問題 143 次の記述のうち、就労定着支援に関する説明として、最も適切なものを1つ選びなさい。
1 特別支援学校を卒業したばかりの新卒者の職場定着を支援する。
2 支援は、障害者が通常の事業所に雇用される前から開始される。
3 支援は、最大6か月間提供される。
4 支援の内容には、生産活動の機会の提供を通じて、知識及び能力の向上のために必要な訓練を供与することが含まれる。

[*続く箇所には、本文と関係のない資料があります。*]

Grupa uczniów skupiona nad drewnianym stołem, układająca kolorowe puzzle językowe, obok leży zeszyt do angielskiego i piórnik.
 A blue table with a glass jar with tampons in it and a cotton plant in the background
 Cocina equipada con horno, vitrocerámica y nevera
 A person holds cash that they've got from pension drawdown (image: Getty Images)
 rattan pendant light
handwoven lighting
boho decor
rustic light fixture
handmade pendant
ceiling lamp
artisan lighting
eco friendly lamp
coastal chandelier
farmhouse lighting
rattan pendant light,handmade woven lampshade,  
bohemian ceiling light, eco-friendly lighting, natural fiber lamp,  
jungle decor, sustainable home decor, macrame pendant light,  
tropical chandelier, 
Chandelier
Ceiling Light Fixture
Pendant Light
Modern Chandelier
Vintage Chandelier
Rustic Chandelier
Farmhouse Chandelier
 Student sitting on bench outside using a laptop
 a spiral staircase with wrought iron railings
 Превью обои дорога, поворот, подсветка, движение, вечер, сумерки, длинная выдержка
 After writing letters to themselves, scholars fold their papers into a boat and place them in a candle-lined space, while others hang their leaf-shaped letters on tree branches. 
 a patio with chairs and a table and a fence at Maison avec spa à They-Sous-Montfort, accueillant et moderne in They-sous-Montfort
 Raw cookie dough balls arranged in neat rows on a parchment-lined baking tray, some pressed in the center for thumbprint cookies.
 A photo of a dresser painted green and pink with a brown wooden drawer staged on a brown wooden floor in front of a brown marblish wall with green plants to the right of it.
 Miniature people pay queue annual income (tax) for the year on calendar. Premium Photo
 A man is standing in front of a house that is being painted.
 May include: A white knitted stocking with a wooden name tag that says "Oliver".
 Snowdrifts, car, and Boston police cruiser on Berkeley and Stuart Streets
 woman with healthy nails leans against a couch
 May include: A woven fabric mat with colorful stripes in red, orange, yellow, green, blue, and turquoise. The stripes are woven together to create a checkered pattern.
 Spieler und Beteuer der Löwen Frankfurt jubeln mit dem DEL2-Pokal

5 支援の内容には、障害者が雇用されたことに伴い生じる日常生活又は社会生活を営む上での問題に関する相談、助言が含まれる。
★★
1は×である。
就労定着支援を利用できるのは、就労移行支援、就労継続支援、自立訓練、生活介護などの利用を経て、一般就労へ移行した障害者である。
また就労に伴う環境の変化により、日常生活での課題がある障害者も対象となる。ただ、正確に知らなくても、新卒者に限定されないだとうと推測できればいい。
2は×である。
就労定着支援は。雇用された後に開始される。仮に知らなかったとしても、別に就労移行支援があることを知っていれば、誤りと判断できるであろう。
3は×である。
支援期間は最大3年間である。知らなかった場合、半年という期間を短いと感じるかどうか。
4は×である。
説明は就労移行支援に関するものである。
5は〇である。
正解5
ソーシャルワンカーからのワン🐾ポイントアドバイス
就労定着支援に関する細かいところを聞く問題である。過去問でも、ここまで細かい問題はなかった。
本問は、1,2,3を就労定着支援という名称や関連する就労移行支援との関係で、誤りと判断できるかどうかが一つ目の鍵となる。
次に、4と5まで絞れた場合、いずれが就労定着支援という名称に適したものかを判断することになる。就労定着支援は、すでに一般就労したものの職場定着を支援するものだから(これはイメージできるはず)、4<5と考えられれば、正解を導ける。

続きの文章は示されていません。